[Directions] Would you repeat the data below exactly, taking out the images?

[Data section]
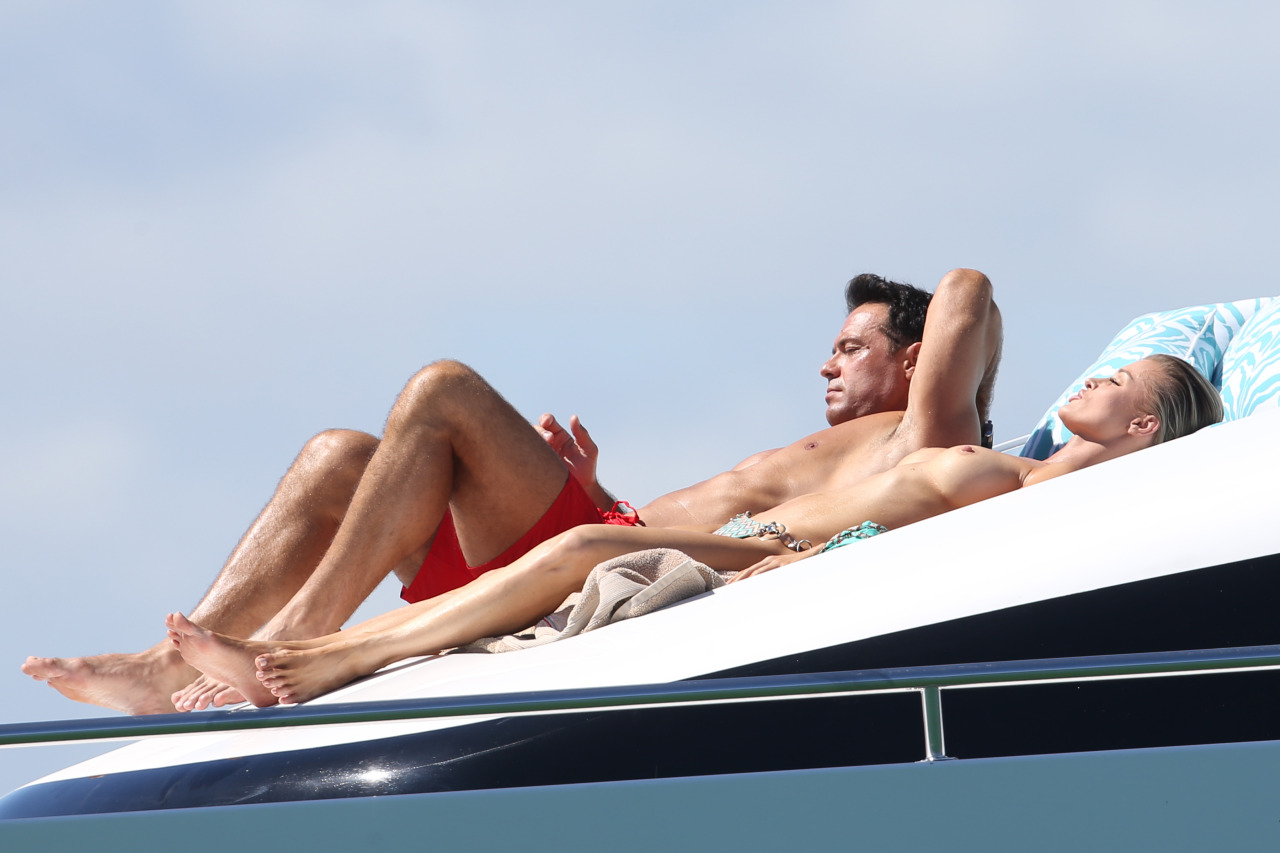 toplessbeachcelebs:  Joanna Krupa (Model) sunbathing topless on a yacht in Miami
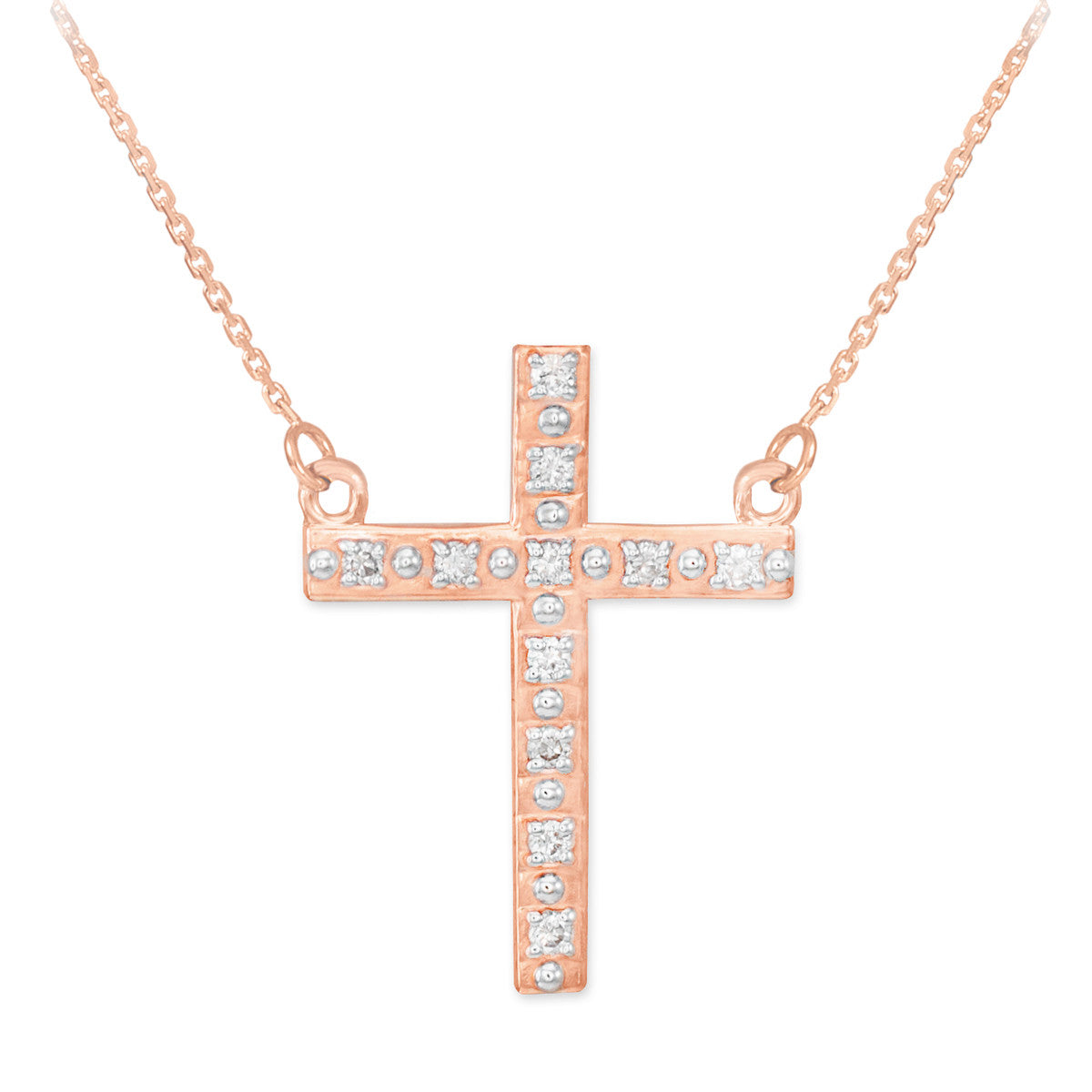 14K Gold Cross Necklace with Diamonds, view 2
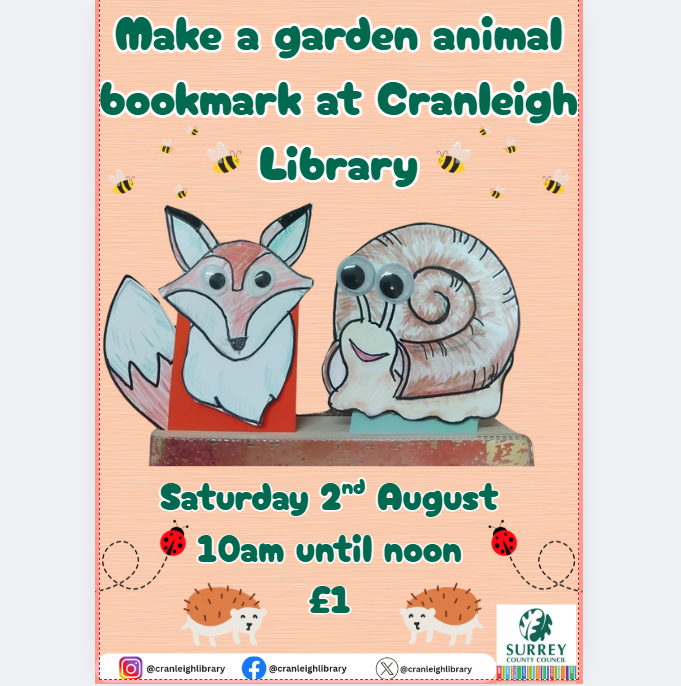 Cranleigh Library (@cranleighlibr) on Twitter photo Next Saturday we are making funky animal bookmarks! Next Saturday we are making funky animal bookmarks!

[Task output]
 toplessbeachcelebs:  Joanna Krupa (Model) sunbathing topless on a yacht in Miami
 14K Gold Cross Necklace with Diamonds, view 2
 Cranleigh Library (@cranleighlibr) on Twitter photo Next Saturday we are making funky animal bookmarks! Next Saturday we are making funky animal bookmarks!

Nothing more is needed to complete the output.